Chris Beeler, Sriram Ganapathi Subramanian, Kyle Sprague, Nouha Chatti, Colin Bellinger, Mitchell Shahen, Nicholas Paquin, Mark Baula, Amanuel Dawit, Zihan Yang, Xinkai Li, Mark Crowley, Isaac Tamblyn
Abstract: (arXiv paper: https://arxiv.org/abs/2305.14177) The ChemGymRL Open Source Library enables the use of Reinforcement Learning (RL) algorithms to train agents towards the target of operating individual chemistry benches given specific material targets. The environment can be thought of as a virtual chemistry laboratory consisting of different stations (or benches) where a variety of tasks can be completed. The laboratory consists of three basic elements: vessels, shelves, and benches. Vessels contain materials, in pure or mixed form, with each vessel tracking the hidden internal state of their contents. Whether an agent can determine this state, through measurement or reasoning, is up to the design of each bench and the user’s goals. A shelf can hold any vessels not currently in use, as well as the resultants (or output vessels) of previous experiments. Benches are sub-environments which enact various physical or chemical processes on the vessels. Each bench recreates a simplified version of one task in a material design pipeline and has an observation and action space specific to the task at hand. ChemGymRL is designed in a modular fashion so that new benches can be added or modified with minimal difficulty or changes to the source code. A bench must be able to receive a set of initial experimental supplies, possibly including vessels, and return the results of the intended experiment, also including modified vessels. The details and methods of how the benches interact with the vessels between these two points are completely up to the user, including the goal of the bench. In this initial version of ChemGymRL we have implemented some core benches, which we describe in the following sections and which will allow us to demonstrate an example workflow.
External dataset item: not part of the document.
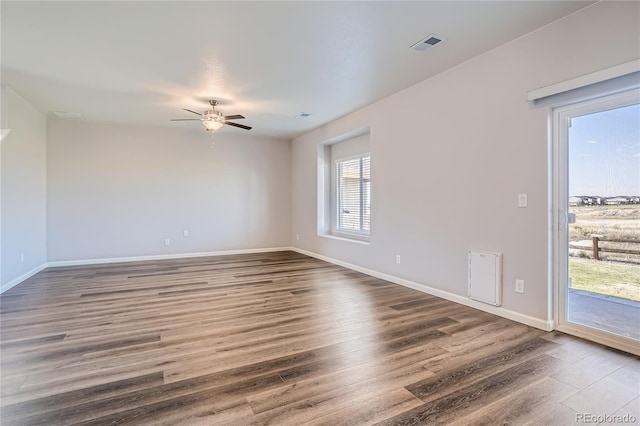 spare room with dark hardwood / wood-style floors and ceiling fan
Motivation for combining the model with ML: The goal of ChemGymRL is to simulate enough complexity of real-world chemistry experiments to allow meaningful exploration of algorithms for learning policies to control bench-specific agents, while keeping it simple enough that episodes can be rapidly generated during the RL algorithm development process. The environment supports the training of RL agents by associating positive and negative rewards based on the procedure and outcomes of actions taken by the agents. The aim is for ChemGymRL to help bridge the gap between autonomous laboratories and digital chemistry. This will have impacts for producing new materials, chemicals, and drugs. It will also require many technologies including search, feedback and control, and optimization, and artificial intelligence algorithms that can deal with the unique challenges of material design. This simulation environment encapsulates some of those challenges while maintaining as much realism as possible, and extensibility to allow open-source improvement of the simulations going forward. The framework raises interesting computational and modeling challenges for the Reinforcement Learning paradigm that are not always all present in other frameworks such as costs of observation, observations of various level of detail, and hierarchical planning challenges.